**Goal of the exercise**
Using the data beneath this instruction, retype only the lines from the one that contains "Zapatillas Invierno Peludas Calientes Norane" down to the one that contains "French Connection Ladies’", both included, exactly as they appear.
[Entries supplied]
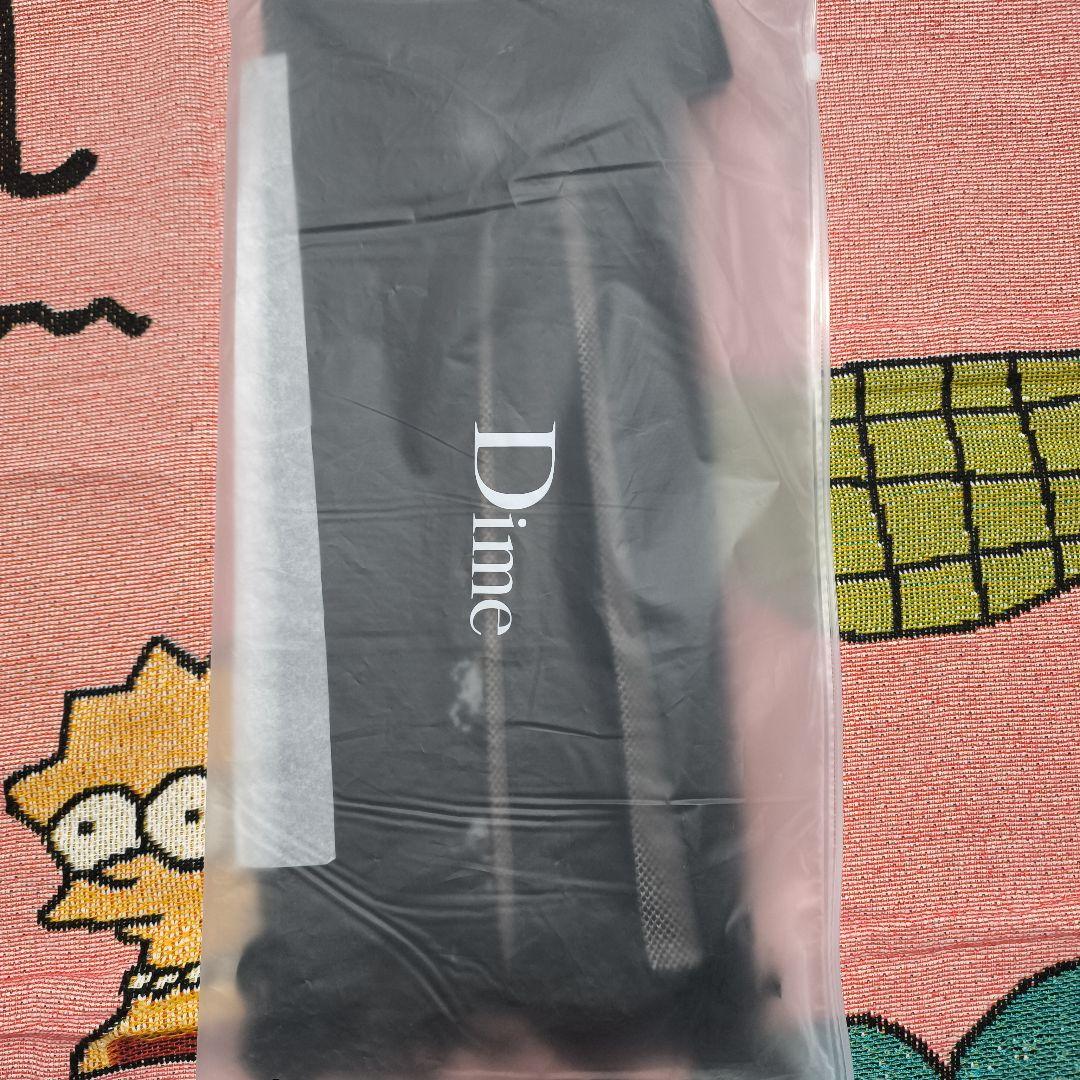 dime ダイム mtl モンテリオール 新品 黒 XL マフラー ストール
[/Entries supplied]
[Entries supplied]
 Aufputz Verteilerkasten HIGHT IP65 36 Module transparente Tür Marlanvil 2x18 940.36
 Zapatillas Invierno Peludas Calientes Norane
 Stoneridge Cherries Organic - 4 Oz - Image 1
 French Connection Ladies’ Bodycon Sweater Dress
[/Entries supplied]
**Response to the task**
 Zapatillas Invierno Peludas Calientes Norane
 Stoneridge Cherries Organic - 4 Oz - Image 1
 French Connection Ladies’ Bodycon Sweater Dress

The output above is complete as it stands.